Born in Bloomington to book-loving parents, Koryta wanted to become a writer from the time he first learned to read. Early exposure to Humphrey Bogart and Alfred Hitchcock helped him settle on the mystery genre and awakened an additional interest in becoming a private eye. During high school, he began both careers by writing for The Bloomington Herald-Times and working part-time for Trace Investigations.
Attending IU allowed him to continue these pursuits while studying Criminal Justice and Political Science, both of which informed his fiction. Carving out time from midnight to 3 a.m., Koryta completed what was to become his first published novel, Tonight I Said Goodbye, when he was just 20 years old. Sorrow's Anthem, a sequel to his first novel, was also published before his graduation.

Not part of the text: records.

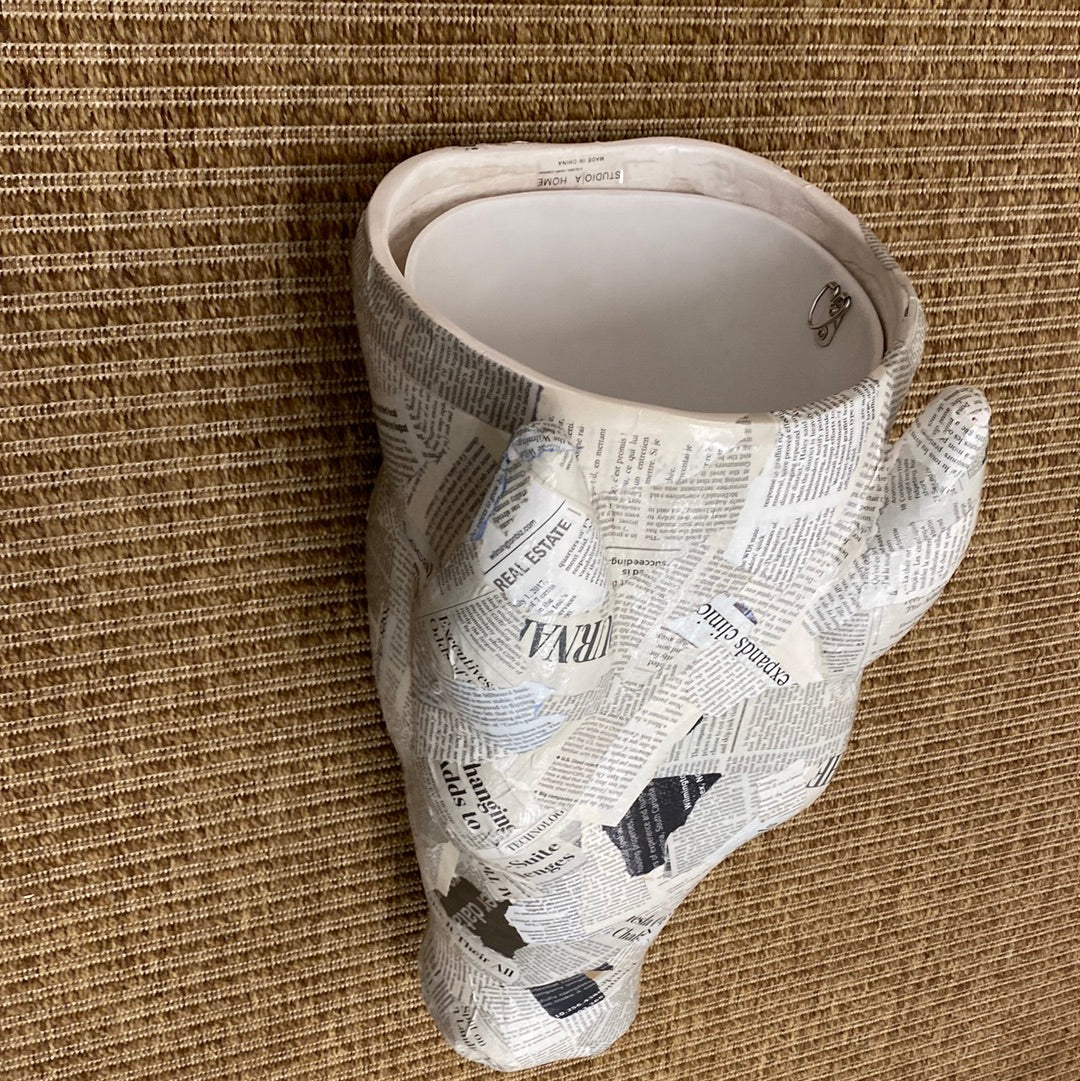 Newsprint Horsehead Planter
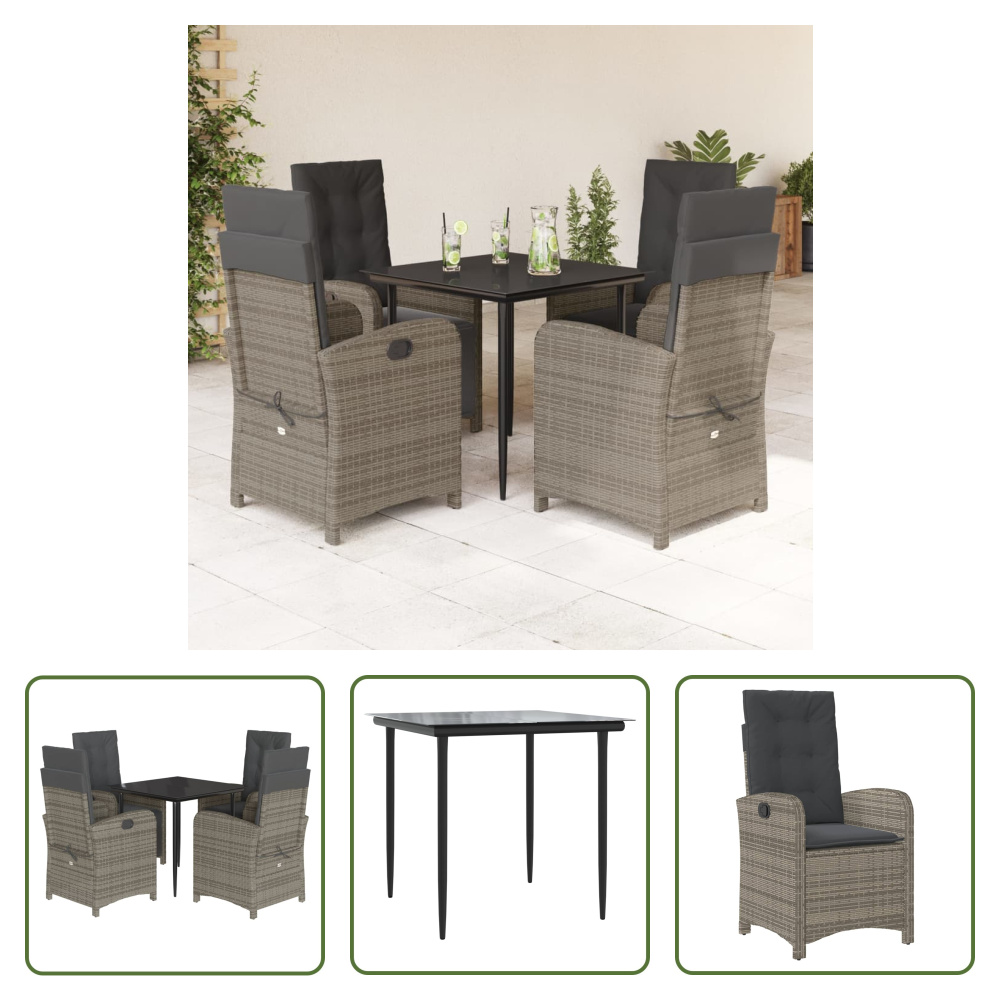 The Living Store 5-dielny záhradný jedálenský set s vankúšmi sivý polyratan
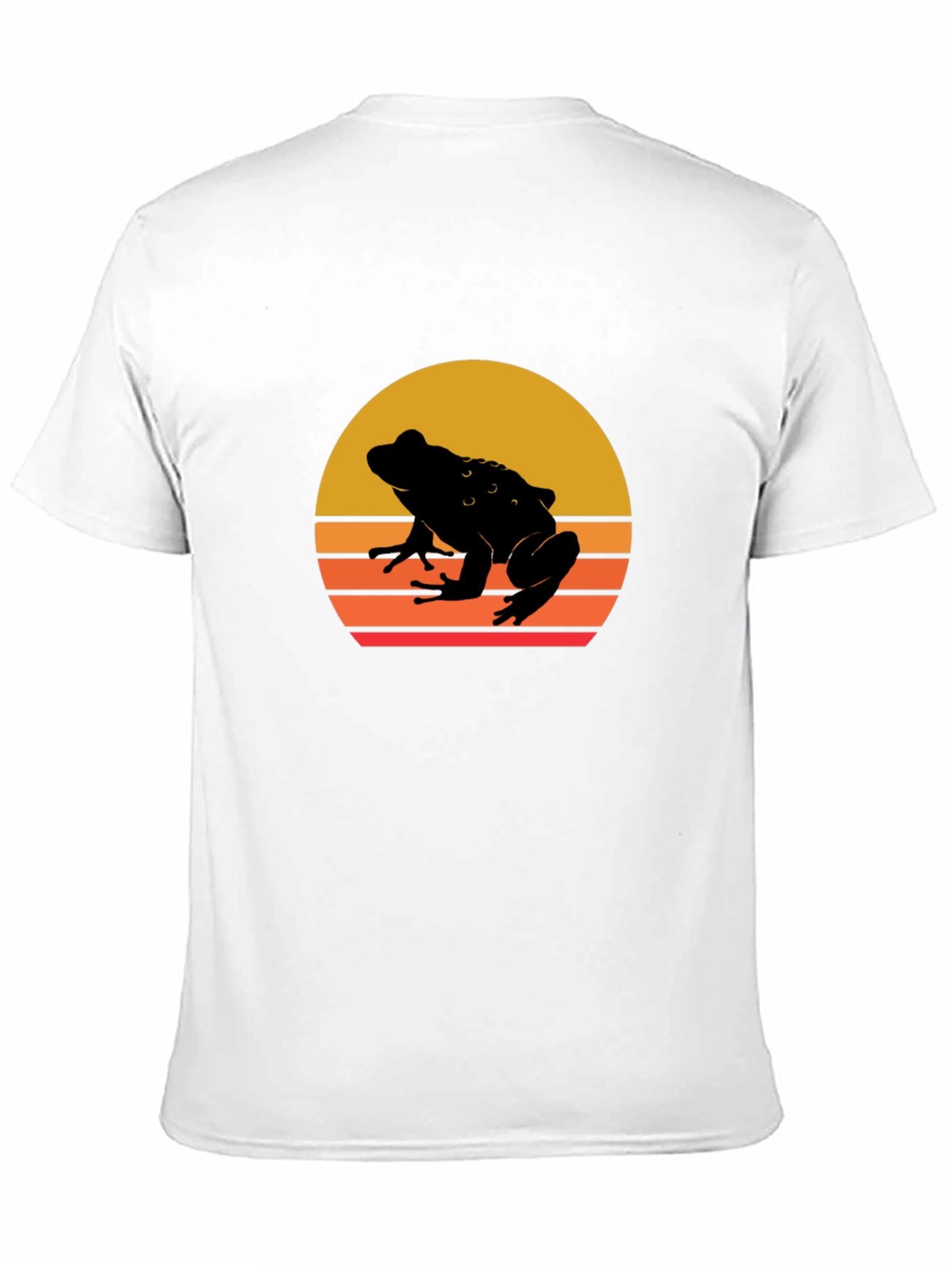 Retro Frog Sunset Black T-Shirt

Koryta has received a number of accolades for his work. Tonight I Said Goodbye won the St. Martin's Press/ Private Eye Writers of America prize for Best First Private Eye Novel and the Great Lakes Book Award for Best Mystery, and was nominated for an Edgar Award. His third novel, A Welcome Grave, was nominated for a Quill Award and earned praise from Publishers Weekly, Booklist, and The New York Times.
This past summer, he published his most recent novel, Envy the Night, and signed a three-book deal with Little, Brown to be edited by Michael Pietsch, who has worked with best-selling authors Michael Connelly, James Patterson, and Anita Shreve.